Thai Reinsurance Plc (THRE) 
All lights appear green for THRE as it climbs up out of the flood-caused slough. It hopes that a change in rating agency will give it a more rapid upgrade of its rating and allow it to take on foreign clients again. It will also return to dividends with a small one on 2015. We continue to Buy but cut TP down slightly to Bt3.4 from Bt3.6.  
 
Reinsuring high-claim premiums to cut net premium growth. In July, THRE reinsured high-claim policies with other reinsurers. These are mostly health insurance for provincial teachers and are worth Bt1.3-1.5bn/year through 2019. THRE reinsured 85% of these; this will cut 2015F-2019F earned premiums by 20-25% but will be offset by a better combined ratio. Factoring in a lengthier economic slowdown than expected and a lower retention rate, we slash our 2015F earned premium growth for non-life reinsurance to -14% from 15%. Note that we forecast a 37% contraction in consolidated premium growth in 2015F, distorted by de-consolidation of THREL, whose life reinsurance premiums accounted for 26% of THRE’s total premiums in 2014. 
 
Improving combined ratio and CAR. Carving out the high-claim policies in July will improve combined and capital adequacy (CAR) ratios.

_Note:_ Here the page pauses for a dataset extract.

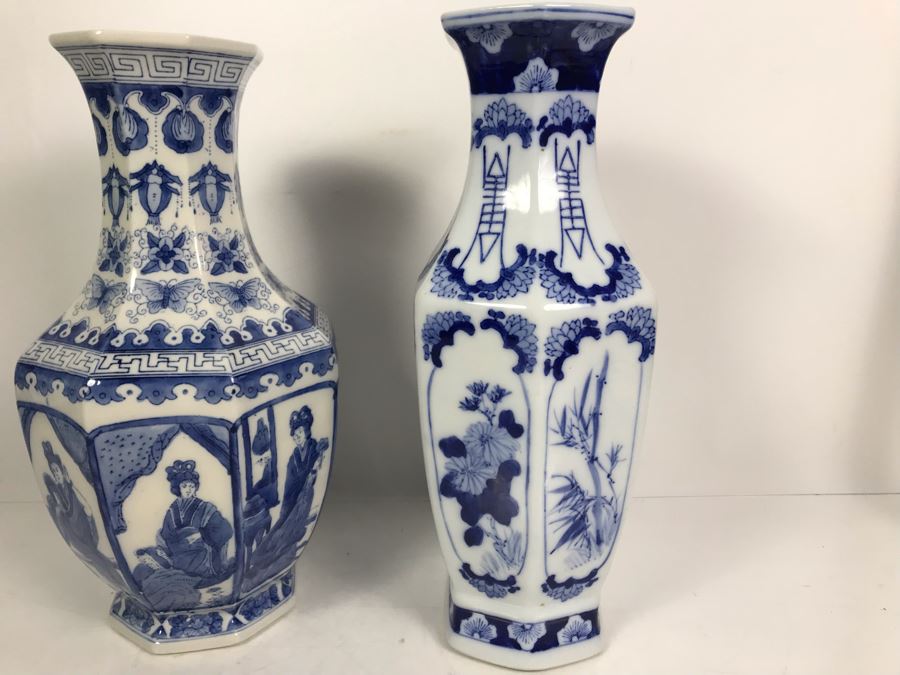 Pair Of Contemporary Chinese Blue And White Vases 14'H [Photo 16]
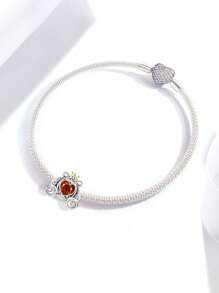 1 PIEZA 925 Plata de ley corona con diseño de vid de amor y calabaza para ajustar a brazaletes y pulseras mujer, accesorio de joyería DIY y decoración para combinar con atuendos diarios, decoración para niñas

We expect combined ratio to slip to 91% in 2015F (92% in 1H15) and 90% in 2016F from 94% in 2014 (excluding flood claims). Management expects the CAR to increase from 302% at 2Q15 to ~350% at YE2015 and >350% at YE2016, more than double the minimum requirement of 140%.  
 
Changing credit rating agency, hopes for upgrade. THRE switched to Fitch in 3Q15 after hiring A.M. Best Company to review its credit rating in 2Q15 in hopes of a more rapid rating upgrade to “A”, as A.M. Best requires at least one year to review its rating compared to 1-2 quarters for Fitch. THRE expects to be rated “A”, which would bring back reinsurance for international-owned insurers which it lost after the floods in 2011 led S&P to downgrade its credit rating to BBB+. By its estimates, this downgrade led to a loss of ~Bt800mn in premiums from foreign-owned clients. An increase in CAR to >300% by reducing its holding in THREL to 25% in 1Q15 should bring back its “A” rating.  Dividend on 2015. THRE cleaned out retained losses in 2Q15 by using premium on shares and it can resume paying a dividend. However, we expect a very small dividend on 2015F of only Bt0.05/share, assuming an 8% payout ratio (30% of core earnings). 
 
Smooth succession. 46-yearold Oran Vongsurapichet, currently president and Chief Operating Officer, has been appointed as CEO to succeed Mr. Surachai Sirivallop as of January 1, 2016. Mr. Surachai Sirivallop will move to Executive Committee Chairman. 
 
Starting actuary service in October. Its client targets are insurance companies, which are required by the OIC to have an actuarial sign off, and listed companies that need this service for calculation of employee benefit obligations. 
 
Maintain Buy with a slight cut in TP on THRE for: 1) turnaround in 2015 after clearing flood claims; 2) back to dividend on 2015 operations and 3) the possibility its credit rating will be upgraded to “A”, which will open the door to foreign-owned insurers. We cut target price slightly to Bt3.4 (18x PER for mid-2016) from Bt3.6.